We can now see the correct format has been generated. Next step is to bring this into Prompt Template.

2. Return a SQL query with few shot prompting

Create a new Chat Model + Prompt Template + LLMChain

Specify the following prompt in the Prompt Template:

Based on the provided SQL table schema and question below, return a SQL SELECT ALL query that would answer the user's question. For example: SELECT * FROM table WHERE id = '1'.
------------
SCHEMA: {schema}
------------
QUESTION: {question}
------------
SQL QUERY:

Since we are using 2 variables: {schema} and {question}, specify their values in Format Prompt Values:

{% hint style="info" %} You can provide more examples to the prompt (i.e few-shot prompting) to let the LLM learns better. Or take reference from dialect-specific prompting {% endhint %}

3. Validate the SQL query using If Else node

Sometimes the SQL query is invalid, and we do not want to waste resources the execute an invalid SQL query. For example, if a user is asking a general question that is irrelevant to the SQL database. We can use an If Else node to route to different path.

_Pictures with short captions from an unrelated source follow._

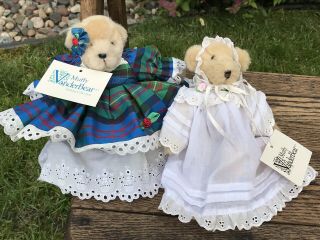 2 Vintage Muffy Vanderbear Holiday Fluffy & Christening Gown Plush Bears Nabco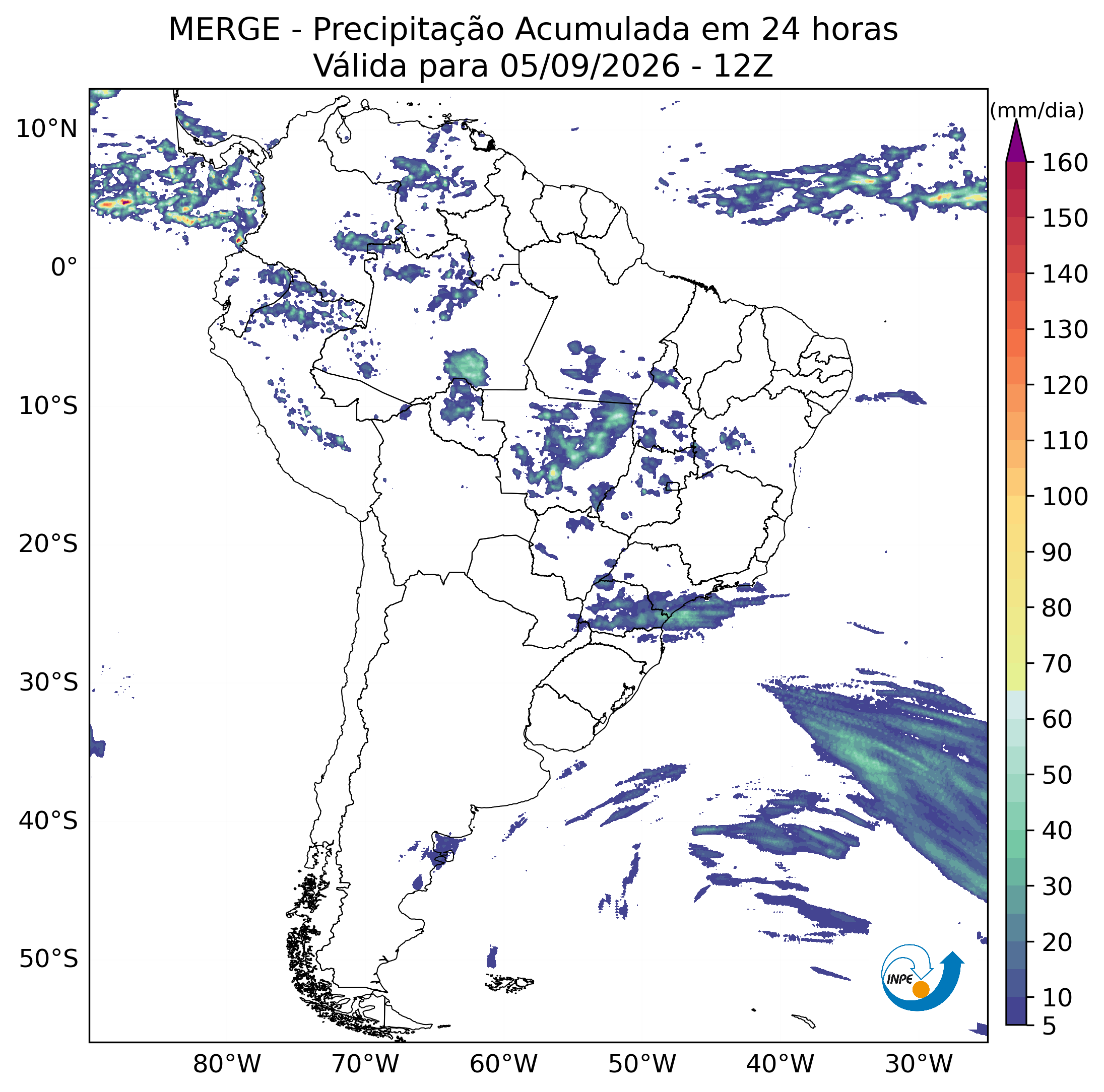 Mapa de monitoramento climático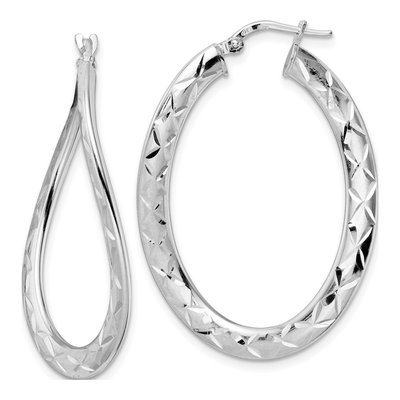 Sterling Silver Curved Oval Hoop Earrings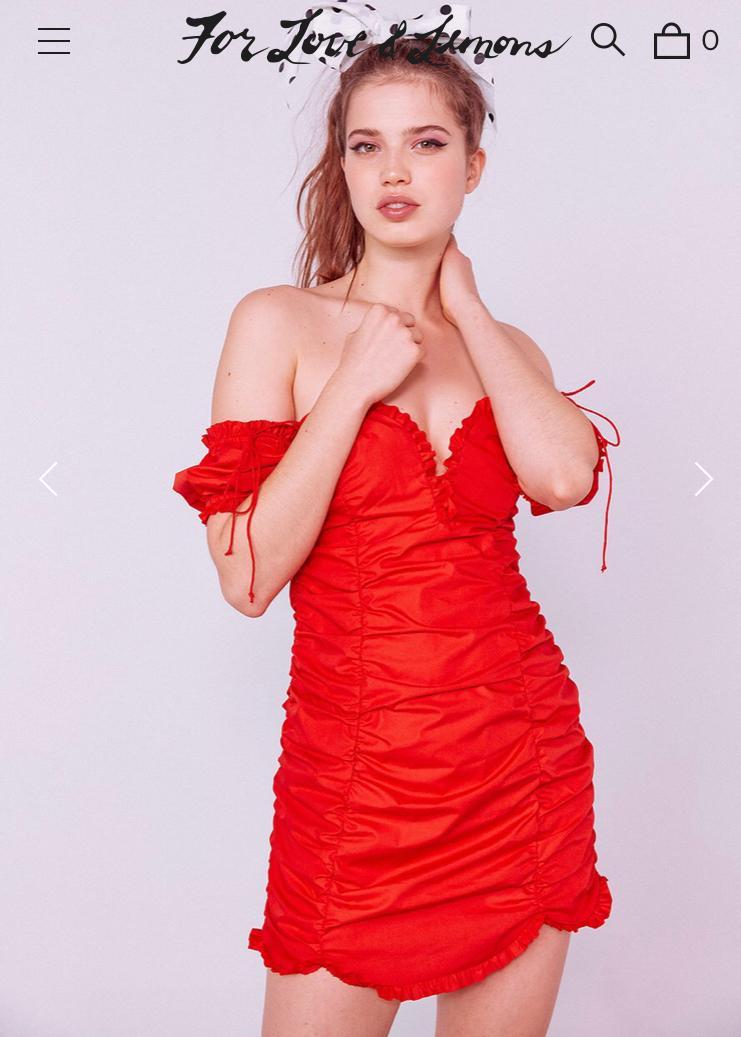 For love & lemons Jackson Shirred Mini Dress size 8 for rent on The Volte - main image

For instance, we can perform a basic check to see if SELECT and WHERE are included in the SQL query given by the LLM.

{% tabs %} {% tab title="If Function" %}

const sqlQuery = $sqlQuery.trim();

const regex = /SELECT\s.*?(?:\n|$)/gi;

// Extracting the SQL part
const matches = sqlQuery.match(regex);
const cleanSql = matches ? matches[0].trim() : "";

if (cleanSql.includes("SELECT") && cleanSql.includes("WHERE")) {
    return cleanSql;
}

{% endtab %}

{% tab title="Else Function" %}

return $sqlQuery;

{% endtab %} {% endtabs %}

In the Else Function, we will route to a Prompt Template + LLMChain that basically tells LLM that it is unable to answer user query:

4. Custom function to execute SQL query, and get the response

If it is a valid SQL query, we need to execute the query. Connect the True output from If Else node to a Custom JS Function node:

Full Javascript Code

const HOST = 'singlestore-host.com';
const USER = 'admin';
const PASSWORD = 'mypassword';
const DATABASE = 'mydb';
const TABLE = 'samples';
const mysql = require('mysql2/promise');

let result;

function getSQLResult() {
  return new Promise(async (resolve, reject) => {
    try {
      const singleStoreConnection = mysql.createPool({
        host: HOST,
        user: USER,
        password: PASSWORD,
        database: DATABASE,
      });
     
      const [rows] = await singleStoreConnection.execute(
        $sqlQuery
      );
  
      result = JSON.stringify(rows)
      
      resolve();
    } catch (e) {
      console.error(e);
      return reject(e);
    }
  });
}

async function main() {
    await getSQLResult();
}

await main();

return result;

5. Return a natural response from the executed SQL response

Create a new Chat Model + Prompt Template + LLMChain

Write the following prompt in the Prompt Template:

Based on the question, and SQL response, write a natural language response, be details as possible:
------------
QUESTION: {question}
------------
SQL RESPONSE: {sqlResponse}
------------
NATURAL LANGUAGE RESPONSE:

Specify the variables in Format Prompt Values:

Voila! Your SQL chatbot is now ready for testing!

Query

First, let's ask something related to the database.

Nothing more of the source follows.